Coming back from an early Clermont blitz and four tries down to win the tie 39-31 was a glimpse into the Munster past. It was after that match the then 21-year-old earned widespread praise and attention for his performance against the veteran French prop Rabah Slimani.

“It was great,” he says of his significant 77-minute shift against Clermont. “The day before I was told that I was going to start. In that way I was lucky in that I didn’t have time to think about it.

“It was just ‘this had to be done’ and yeah, it was a shaky start but I kind of came around in the end. It was probably a bit of a confidence booster at the time. But you have to keep pushing on every time you get a chance to play.”

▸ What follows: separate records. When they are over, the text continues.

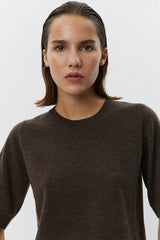 Viana Short Sleeve Knit in Brown Fudge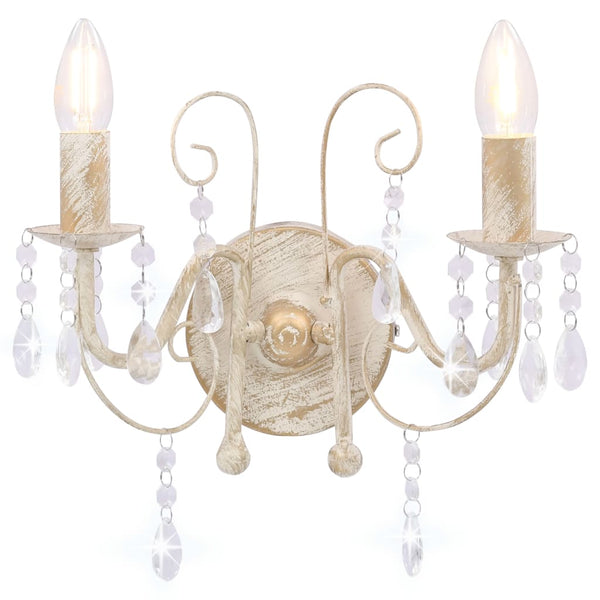 vidaXL Wall Lamp with Beads Antique White 2 x E14 Sockets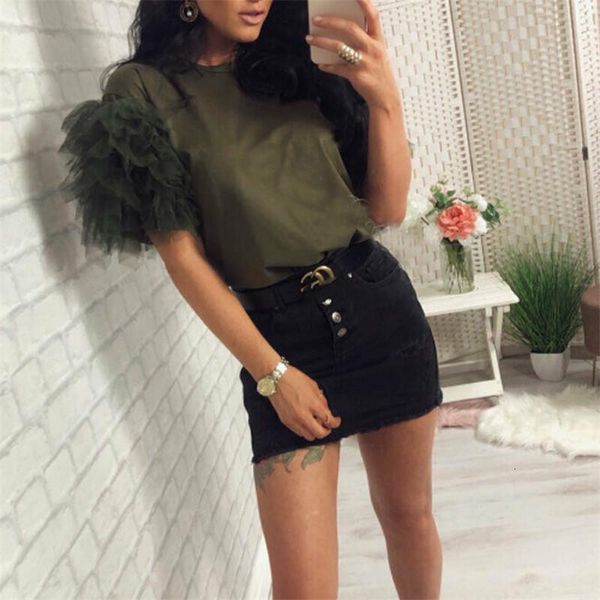 2020 women short sleeve mesh tulle ruffle t shirt ladies boho summer casual tee shirt holiday haut femme solid clothes, White
2020 women short sleeve mesh tulle ruffle t shirt ladies boho summer casual tee shirt holiday haut femme solid clothes, White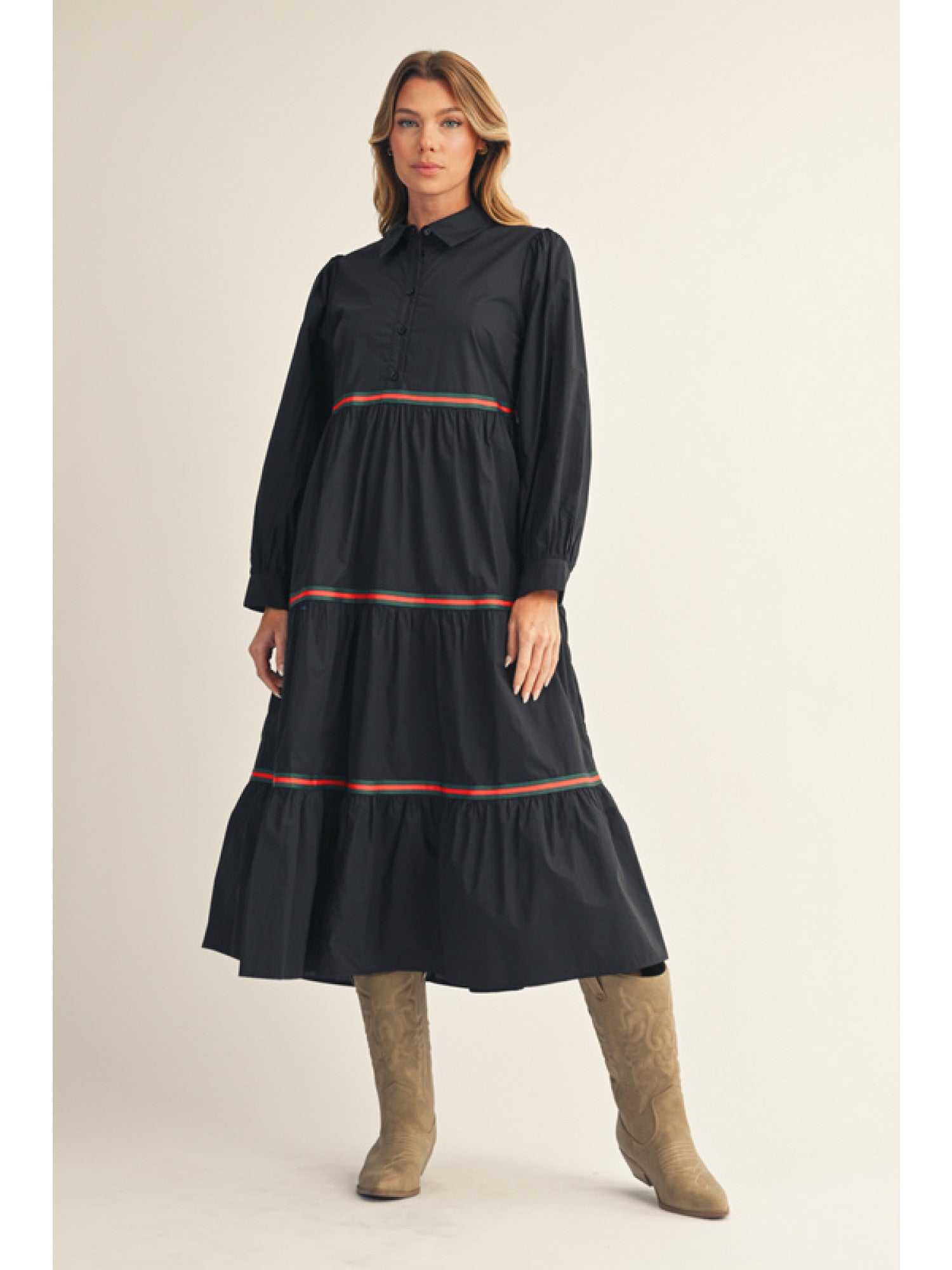 jodifl dress A Little While Longer in Green Ruby Idol Apparel inspired print with striking stripe and solid contrast details Jodifl - Dress - Long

Short term, everything is motoring with Wycherley hoping to get as much or more game time than he did last year, where he competed well with Jeremy Loughman and Dave Kilcoyne, who was injured long enough to miss the international Autumn Series.

But the selection by Farrell is, at a basic level, confirmation that everything he has being doing is, career-wise, facing him in the right direction. Nor could the South African tour have come at a better time, ahead of a new season and one with a Rugby World Cup at the end.

“I suppose through injuries and that I was lucky to get a lot of game time, particularly towards the backend of that season,” he says. “I think you come into a fresh season, with a few new coaches, just buzzing to kick on again.”

So, Cardiff on the plastic surface in The Arms Park once again for the first time. These days starting out has never been so frequent for Josh Wycherley.